Task statement - All that should be output is the block of lines below from the line with "Torre's & Caffe Bed and breakfast" to the line with "Кіа Соренто, об'ємом", both included, exactly as written.

Web page caption snippets
++++++++++++++++++++
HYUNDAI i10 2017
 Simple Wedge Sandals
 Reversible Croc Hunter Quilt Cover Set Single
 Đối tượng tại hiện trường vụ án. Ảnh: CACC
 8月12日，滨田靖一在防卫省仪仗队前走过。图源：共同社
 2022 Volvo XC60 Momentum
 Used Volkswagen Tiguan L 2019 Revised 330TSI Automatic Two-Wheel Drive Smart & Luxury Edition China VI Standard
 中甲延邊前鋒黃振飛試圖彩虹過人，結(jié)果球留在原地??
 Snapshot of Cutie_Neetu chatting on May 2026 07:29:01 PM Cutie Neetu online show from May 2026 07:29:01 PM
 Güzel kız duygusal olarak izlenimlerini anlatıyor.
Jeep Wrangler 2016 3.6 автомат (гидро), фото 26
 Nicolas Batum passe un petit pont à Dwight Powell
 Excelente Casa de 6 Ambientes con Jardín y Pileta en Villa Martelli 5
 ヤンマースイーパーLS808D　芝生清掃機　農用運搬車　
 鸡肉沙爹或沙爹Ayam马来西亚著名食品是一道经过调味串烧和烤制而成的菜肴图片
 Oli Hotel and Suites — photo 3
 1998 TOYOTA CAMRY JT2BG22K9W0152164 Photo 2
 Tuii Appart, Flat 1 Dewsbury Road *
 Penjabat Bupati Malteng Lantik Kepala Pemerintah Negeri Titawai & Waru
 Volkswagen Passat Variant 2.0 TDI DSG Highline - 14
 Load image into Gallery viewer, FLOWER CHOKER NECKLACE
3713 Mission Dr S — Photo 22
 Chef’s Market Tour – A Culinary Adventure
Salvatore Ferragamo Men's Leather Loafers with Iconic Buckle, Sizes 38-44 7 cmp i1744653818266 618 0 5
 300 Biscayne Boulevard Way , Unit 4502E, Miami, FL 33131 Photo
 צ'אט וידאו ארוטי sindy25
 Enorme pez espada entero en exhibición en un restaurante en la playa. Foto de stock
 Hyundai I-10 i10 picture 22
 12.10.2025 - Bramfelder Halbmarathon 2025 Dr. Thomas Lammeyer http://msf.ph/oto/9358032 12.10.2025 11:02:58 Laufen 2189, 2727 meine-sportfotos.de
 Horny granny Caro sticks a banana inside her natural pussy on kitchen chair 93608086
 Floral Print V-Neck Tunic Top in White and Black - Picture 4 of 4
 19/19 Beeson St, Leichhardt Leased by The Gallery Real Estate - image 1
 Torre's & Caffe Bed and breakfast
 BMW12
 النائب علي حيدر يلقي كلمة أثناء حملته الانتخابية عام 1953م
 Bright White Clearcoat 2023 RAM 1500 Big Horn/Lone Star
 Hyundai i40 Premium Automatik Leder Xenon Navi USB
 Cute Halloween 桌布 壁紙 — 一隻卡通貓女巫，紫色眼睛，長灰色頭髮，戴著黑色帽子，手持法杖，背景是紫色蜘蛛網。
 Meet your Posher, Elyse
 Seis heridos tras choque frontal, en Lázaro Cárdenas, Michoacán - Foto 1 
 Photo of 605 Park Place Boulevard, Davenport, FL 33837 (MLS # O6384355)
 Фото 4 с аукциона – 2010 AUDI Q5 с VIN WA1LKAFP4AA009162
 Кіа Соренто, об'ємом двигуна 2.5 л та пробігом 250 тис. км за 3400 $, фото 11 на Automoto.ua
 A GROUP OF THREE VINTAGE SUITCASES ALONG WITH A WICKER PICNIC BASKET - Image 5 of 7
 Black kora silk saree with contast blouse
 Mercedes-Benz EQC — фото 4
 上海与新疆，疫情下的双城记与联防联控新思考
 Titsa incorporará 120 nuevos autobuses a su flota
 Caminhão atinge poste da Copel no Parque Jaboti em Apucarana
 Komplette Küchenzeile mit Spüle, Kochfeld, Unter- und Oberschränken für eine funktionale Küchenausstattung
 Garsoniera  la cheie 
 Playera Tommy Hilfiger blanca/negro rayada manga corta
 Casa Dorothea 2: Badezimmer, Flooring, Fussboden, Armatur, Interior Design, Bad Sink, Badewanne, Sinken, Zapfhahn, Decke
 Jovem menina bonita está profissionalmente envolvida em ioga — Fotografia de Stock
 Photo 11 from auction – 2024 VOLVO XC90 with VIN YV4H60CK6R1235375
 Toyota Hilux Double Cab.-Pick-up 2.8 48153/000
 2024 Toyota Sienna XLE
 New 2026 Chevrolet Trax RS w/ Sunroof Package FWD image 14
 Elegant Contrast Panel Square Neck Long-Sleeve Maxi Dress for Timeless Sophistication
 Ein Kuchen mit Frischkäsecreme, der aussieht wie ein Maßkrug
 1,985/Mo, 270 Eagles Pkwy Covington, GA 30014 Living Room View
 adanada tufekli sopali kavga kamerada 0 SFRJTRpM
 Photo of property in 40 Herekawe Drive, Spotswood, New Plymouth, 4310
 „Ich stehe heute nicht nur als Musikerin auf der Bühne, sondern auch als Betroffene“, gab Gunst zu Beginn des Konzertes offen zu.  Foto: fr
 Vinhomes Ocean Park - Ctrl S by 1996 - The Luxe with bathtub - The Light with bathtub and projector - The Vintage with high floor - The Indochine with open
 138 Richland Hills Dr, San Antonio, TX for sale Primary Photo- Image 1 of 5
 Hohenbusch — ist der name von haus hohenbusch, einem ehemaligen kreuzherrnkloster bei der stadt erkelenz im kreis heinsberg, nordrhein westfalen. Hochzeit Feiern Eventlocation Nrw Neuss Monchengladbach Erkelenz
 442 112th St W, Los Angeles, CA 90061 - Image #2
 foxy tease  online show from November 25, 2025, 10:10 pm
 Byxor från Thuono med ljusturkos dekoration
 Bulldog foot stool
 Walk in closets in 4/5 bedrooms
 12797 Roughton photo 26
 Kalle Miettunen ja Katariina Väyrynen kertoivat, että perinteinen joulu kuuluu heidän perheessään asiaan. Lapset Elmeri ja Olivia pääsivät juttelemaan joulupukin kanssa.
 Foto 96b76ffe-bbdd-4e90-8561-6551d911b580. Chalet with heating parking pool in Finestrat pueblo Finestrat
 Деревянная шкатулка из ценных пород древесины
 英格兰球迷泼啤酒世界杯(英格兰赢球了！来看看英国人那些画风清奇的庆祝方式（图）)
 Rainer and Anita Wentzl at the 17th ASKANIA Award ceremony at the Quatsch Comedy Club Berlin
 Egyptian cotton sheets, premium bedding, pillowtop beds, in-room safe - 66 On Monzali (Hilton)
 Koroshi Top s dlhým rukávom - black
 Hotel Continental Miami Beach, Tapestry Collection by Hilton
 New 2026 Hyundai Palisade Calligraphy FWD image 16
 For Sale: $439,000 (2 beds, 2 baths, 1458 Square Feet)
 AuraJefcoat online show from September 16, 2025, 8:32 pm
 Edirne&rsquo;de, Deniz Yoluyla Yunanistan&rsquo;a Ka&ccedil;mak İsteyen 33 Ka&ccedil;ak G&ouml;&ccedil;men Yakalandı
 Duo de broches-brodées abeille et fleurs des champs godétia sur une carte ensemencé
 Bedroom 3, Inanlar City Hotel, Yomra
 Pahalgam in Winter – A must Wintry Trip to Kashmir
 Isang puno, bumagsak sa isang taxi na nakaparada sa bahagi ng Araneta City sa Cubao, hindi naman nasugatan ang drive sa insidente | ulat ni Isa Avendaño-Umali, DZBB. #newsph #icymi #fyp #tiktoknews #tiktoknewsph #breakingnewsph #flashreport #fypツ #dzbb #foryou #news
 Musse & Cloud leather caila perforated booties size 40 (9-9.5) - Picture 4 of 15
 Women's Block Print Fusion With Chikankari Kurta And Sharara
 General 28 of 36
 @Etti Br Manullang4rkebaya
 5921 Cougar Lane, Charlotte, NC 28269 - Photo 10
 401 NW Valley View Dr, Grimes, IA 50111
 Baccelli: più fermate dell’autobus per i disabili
++++++++++++++++++++
Solution -
 Torre's & Caffe Bed and breakfast
 BMW12
 النائب علي حيدر يلقي كلمة أثناء حملته الانتخابية عام 1953م
 Bright White Clearcoat 2023 RAM 1500 Big Horn/Lone Star
 Hyundai i40 Premium Automatik Leder Xenon Navi USB
 Cute Halloween 桌布 壁紙 — 一隻卡通貓女巫，紫色眼睛，長灰色頭髮，戴著黑色帽子，手持法杖，背景是紫色蜘蛛網。
 Meet your Posher, Elyse
 Seis heridos tras choque frontal, en Lázaro Cárdenas, Michoacán - Foto 1 
 Photo of 605 Park Place Boulevard, Davenport, FL 33837 (MLS # O6384355)
 Фото 4 с аукциона – 2010 AUDI Q5 с VIN WA1LKAFP4AA009162
 Кіа Соренто, об'ємом двигуна 2.5 л та пробігом 250 тис. км за 3400 $, фото 11 на Automoto.ua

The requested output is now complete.